For each and every 5% raise in palm oil rates, Godrej Agrovet’s earnings can raise by c.2%.
Higher palm oil rates (up 60% y-o-y) have improved realisations as properly as profitability of Godrej Agrovet’s vegetable oil segment. Lower supplies from South-East Asia are top to greater palm oil rates in India. With gradual reopening of the economy, demand from HoReCa segment is probably to boost, which may perhaps additional raise palm oil rates. For each and every 5% raise in palm oil rates, Godrej Agrovet’s earnings can raise by c.2%.
Customs duty on palm oil imports has been reduce from 37.5% to 27.5%. However, we think there is nevertheless a huge gap involving Indian and imported palm oil rates and this differential will make sure healthful demand for palm oil made by GAVL. We stay confident of worth creation (RoE > Cost of Equity) by Godrej Agrovet and sustain our Add rating with a DCF-primarily based target price tag of Rs 560 (27x FY22e).
Sharp raise in palm oil rates: Demand for palm oil in India is nevertheless muted thinking about weaker demand from HoReCa segment.

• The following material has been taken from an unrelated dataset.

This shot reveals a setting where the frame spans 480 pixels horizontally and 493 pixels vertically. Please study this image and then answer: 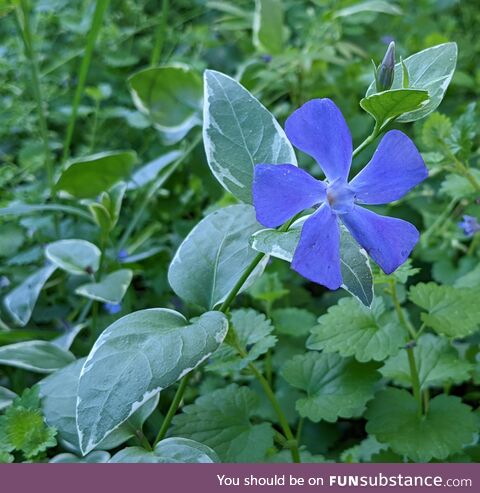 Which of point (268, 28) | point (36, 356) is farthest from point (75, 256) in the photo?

Higher demand from HoReCa is probably to push palm oil rates upwards.
Expect profitability of ‘vegetable oil’ segment to raise: Company generates c.10% revenues and c.19% Ebit from its vegetable oil segment. Revenues as properly as margins of the segment will raise with greater rates of palm oil. Improving demand and greater promoting rates, coupled with favourable base, will raise profitability of the segment.
Maintain Add: We anticipate the business to report income and PAT CAGRs of 6.9% and 12.3% respectively, more than FY20-FY22e.